C'est l'histoire de quelques lignes qui donnent des sueurs froides au gouvernement. Un amendement sénatorial à la loi Macron, qui fixe une définition plus restrictive de la promotion indirecte de l'alcool, a été adopté la semaine dernière par les députés, contre l'avis du gouvernement. Ses promoteurs mettent en avant la nécessité d'une meilleure distinction entre information et publicité pour l'alcool. Mais la polémique fait rage entre la filière viticole et les professionnels de santé, qui alertent sur les dangers pour la santé publique d'une modification de la loi Evin.
Grand flou au gouvernement. Soucieux de ménager les uns comme les autres, le gouvernement est en plein dilemme. Signe du grand flou qui règne au sein de l'exécutif, François Hollande est resté très vague, dimanche à Bordeaux, devant les professionnels des vins et spiritueux réunis au salon Vinexpo. "Ma position est simple : nous devons garder les équilibres de la loi Evin, préserver ce qu'elle prévoit aujourd'hui, et s'il y a des précisions, il faut les engager avec de grandes précautions", a déclaré le chef de l'Etat. Pas si simple que ça, puisque le président n'a finalement pas tranché sur la suppression ou non de l'amendement polémique.
De son côté, la ministre de la Santé, Marisol Touraine, reste ferme. Le gouvernement "fera tout ce qu'il peut et tout ce qu'il faut" pour supprimer l'amendement en question, a-t-elle martelé dimanche au Grand Jury RTL/Le Figaro/LCI. Son objectif est clair : "revenir à la version initiale du texte". Pas gagné, alors que les députés de la majorité ont joint leurs voix à celles de la droite pour conserver l'amendement en commission spéciale.
Il est vrai que la filière viticole compte de solides relais à l'Assemblée. "Ce n'est pas la première fois qu'on voit cet amendement apparaître", explique le député PS Dominique Lefebvre, opposé à une évolution de la loi Evin. Dans la commission spéciale sur la loi Macron, "il y avait le Bordeaux, le Cognac, la Bourgogne, etc", s'amuse-t-il. Le groupe d'études "Viticulture" de l'Assemblée compte plus d'une centaine de députés membres. Jointe par Europe 1, présidente Catherine Quéré, députée socialiste de Charente-Maritime, se défend de vouloir "toucher à la loi Evin". "Il s'agit simplement d'une précision", explique-t-elle, en reconnaissant que "si l'amendement n'a pas été bien compris, c'est peut-être qu'il n'a pas été bien rédigé".

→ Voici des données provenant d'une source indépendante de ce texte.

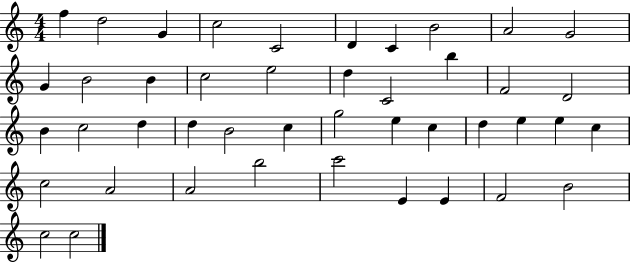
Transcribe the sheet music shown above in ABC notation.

X:1
T:Untitled
M:4/4
L:1/4
K:C
f d2 G c2 C2 D C B2 A2 G2 G B2 B c2 e2 d C2 b F2 D2 B c2 d d B2 c g2 e c d e e c c2 A2 A2 b2 c'2 E E F2 B2 c2 c2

Vers une réécriture, pas une suppression. Pour sortir de l'embarras, l'exécutif cherche à se donner de l'air. Le patron des députés PS, Bruno Le Roux, a souhaité lundi sur RTL la création d'une "mission rapide" pour "réécrire" l'amendement controversé. "Cet amendement n'est pas un mauvais coup pour la santé publique et il ne viendrait à l'idée d'aucun des parlementaires qui l'ont adopté de remettre en cause la loi Evin", a assuré Bruno Le Roux.
C'est donc vers une version plus "soft" de l'amendement que l'on se dirige, même si le scénario est encore en cours d'arbitrage. Selon le Journal du dimanche, Manuel Valls, lassé de la longueur des débats sur la loi Macron, s'apprête à recourir au 49-3 avant même la discussion du texte, qui doit reprendre mardi soir dans l'Hémicycle. Cela permettrait au gouvernement de faire adopter sans vote sa version du texte, en évitant une discussion houleuse à l'Assemblée sur les sujets qui fâchent, dont la loi Evin.

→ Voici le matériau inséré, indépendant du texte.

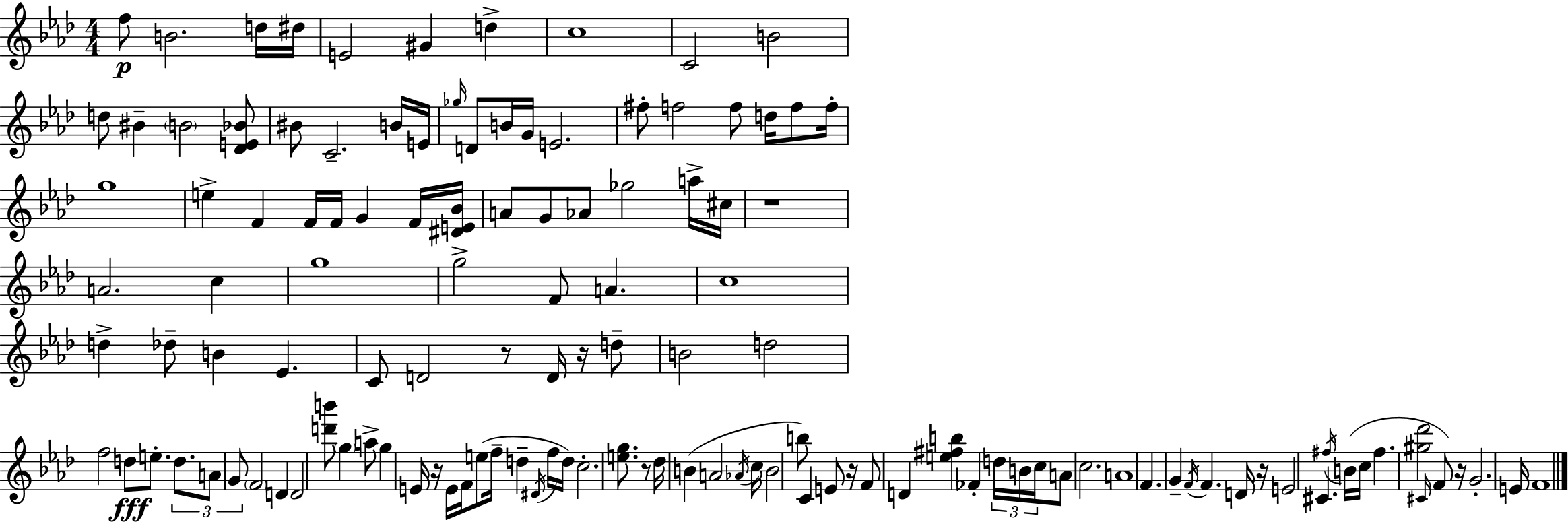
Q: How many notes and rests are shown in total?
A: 128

Que le gouvernement conserve ou supprime l'amendement, tout sera encore possible. "Si on a le 49-3, la loi Macron va repartir au Sénat. En attendant, la commission aura le temps de réécrire le fameux article, qui sera intégré au texte lorsqu'il reviendra à l'Assemblée nationale en juillet", confie une source parlementaire. Un tel scénario permettrait à Marisol Touraine de sauver la face, tout en donnant satisfaction à la filière des vins et spiritueux. Une merveille de synthèse, dans le plus pur style de François Hollande.